Did we actually fix the bug?
In many ways, getting rid of those errant radio emitters was like removing bugs in data. Noisy little things that were there only accidentally and that we could blame for at least some of the the noise in our data.
But these weren’t the bugs that you find before you release. Those are the bugs you find because you anticipated that they would come up and planned your testing around it. These things, in contrast, were already out in the field. They were the kinds of bugs that come from the user or something weird someone notices in the logs. You don’t know what caused them, you didn’t uncover them in testing, and you’re not sure at first what is triggering them. These are the ones that are met only with a hunch, an idea that “this might have to do with X” and “we should try doing Y and that might fix it.”
But how do you actually know that you’ve fixed it? Ideally you should have a test for it, but coming up with a new test that will catch a regression and seeing it pass isn’t enough. The test needs to fail. If it doesn’t you can’t show that fixing the bug actually causes it to pass. If you aren’t able to see the issue in the first place, it doesn’t tell you anything if you make a fix and then still don’t see the issue.
For us in the field, the equivalent reproducing the bug was going out with an antenna, pointing it at what we thought was a source, and hearing static on a handheld radio. One step after fixing it (or after the power company told us they fixed it) was to go out with the same antenna as see if the noise had gone away or not. The next step was turning on the antennas and measuring the noise again; push the fix to production and see what happens.
What is this test for?
Where this can go wrong — whether you know there’s a bug there or not — is when you have a test that doesn’t actually test anything useful. The classic example is an automated test that doesn’t actually check anything, but it can just as easily be the test that checks the wrong thing, the test that doesn’t check what it claims, or even the test that doesn’t check anything different from another one.

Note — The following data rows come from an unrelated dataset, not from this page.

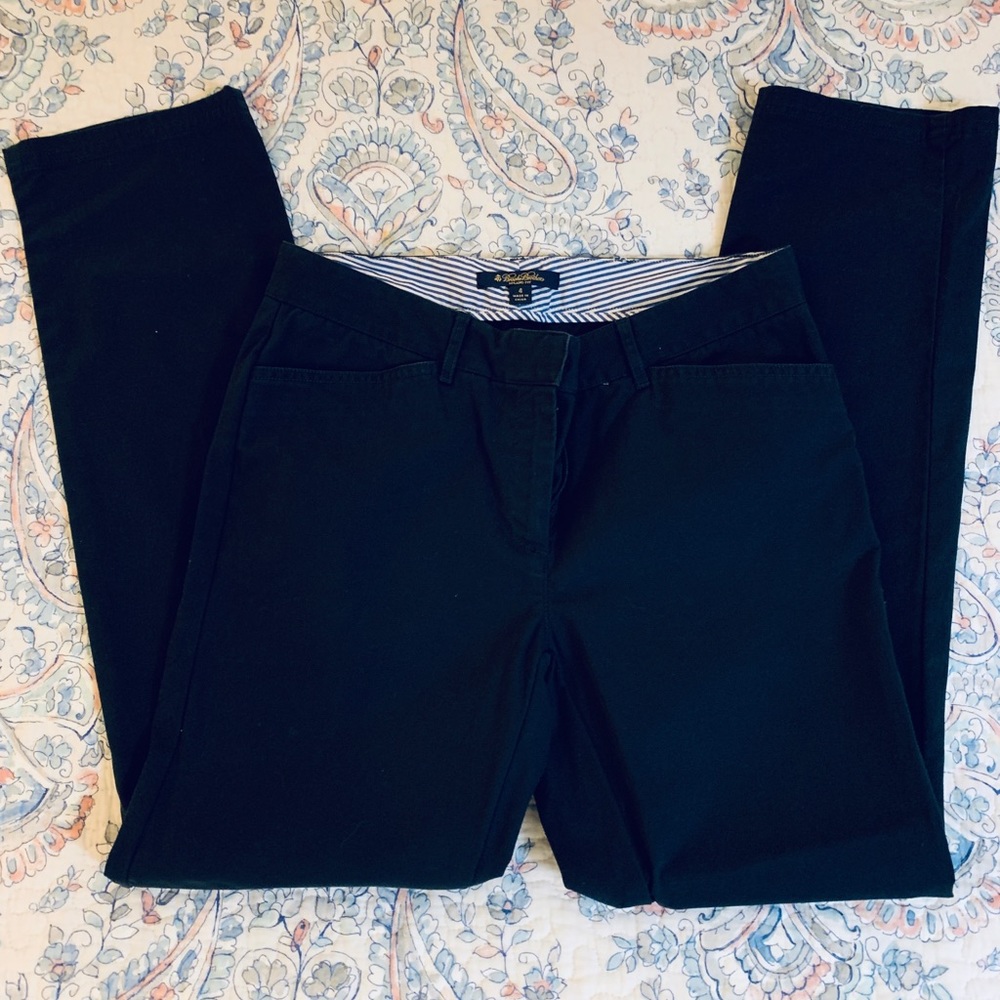 Brooks Brothers business casual pants
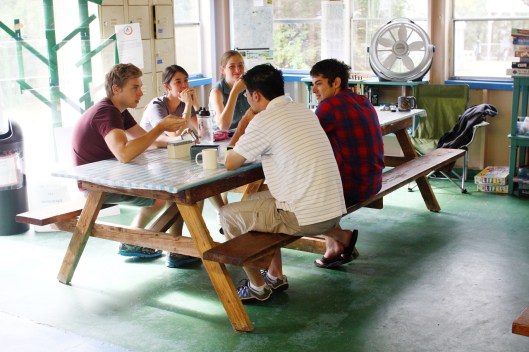 閒來無事，大家玩起冷知識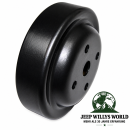 Umlenkrolle / Laufrolle Wasserpumpe Jeep  Cherokee 4,0 L 87-01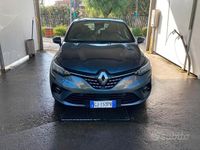 Usata Renault Clio V 2022 Grigio Berlina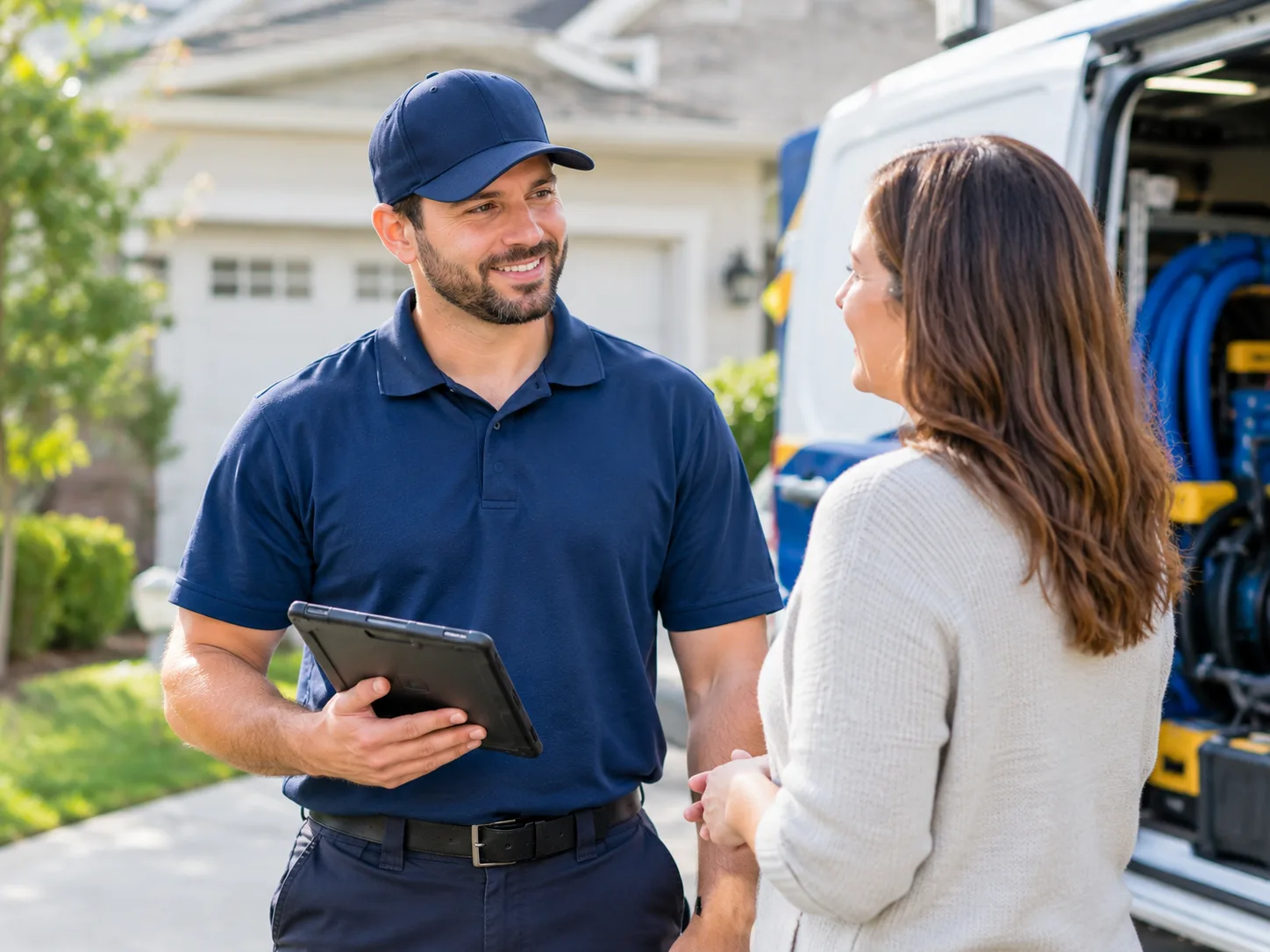 Sewage Backup Cleanup Pine Beach, NJ FAQs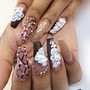 Manicure - Nail Art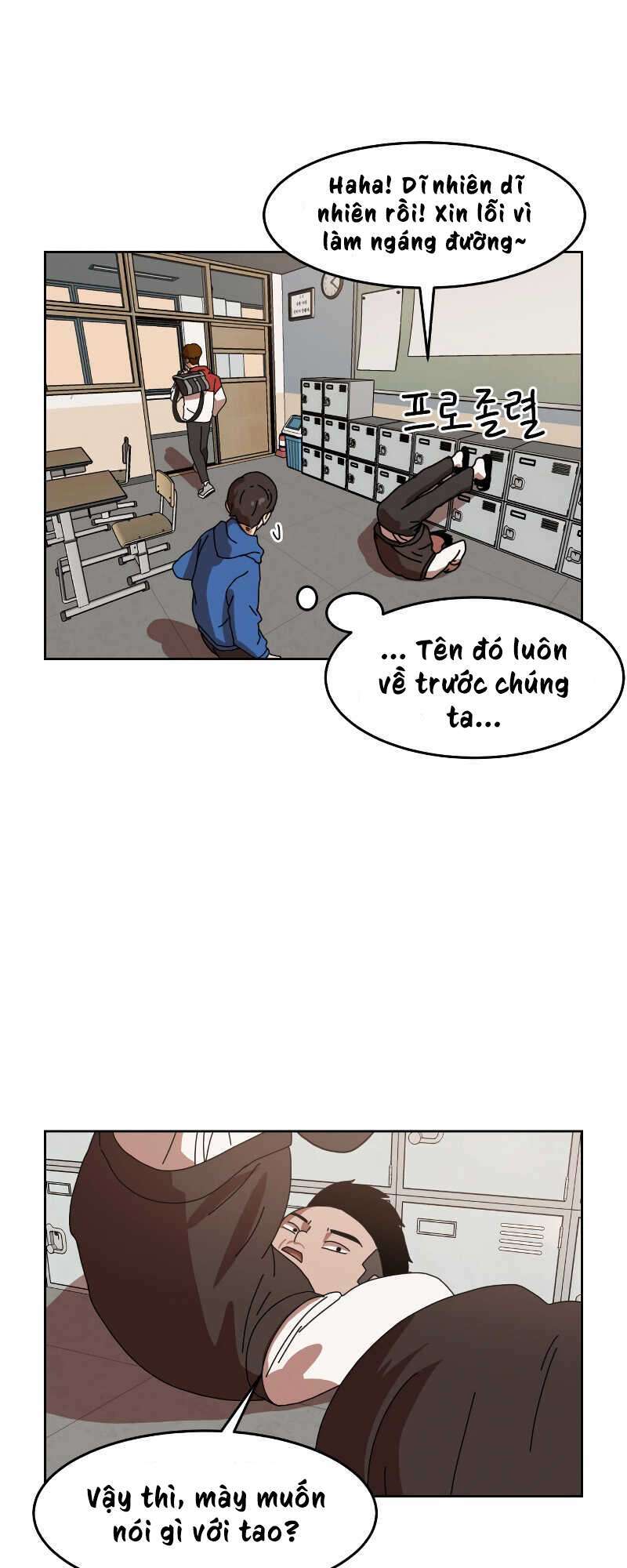 Double Click: Chapter 2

To me this is just like asking “did you actually do something”, because running tests that don’t actually check anything useful don’t do anything useful. If your tests don’t fail when there are bugs, then your tests don’t work.
In a world where time is limited and context is king, whether you can articulate what a test is for can be a useful heuristic for deciding whether or not something is worth doing. It’s much trickier than knowing whether you fixed a specific bug, though. We could go out into the field and hear clearly on the radio that a noise source had been fixed, but it was much harder to answer whether it paid off for our research project overall. Was it worth investing more time into it or not?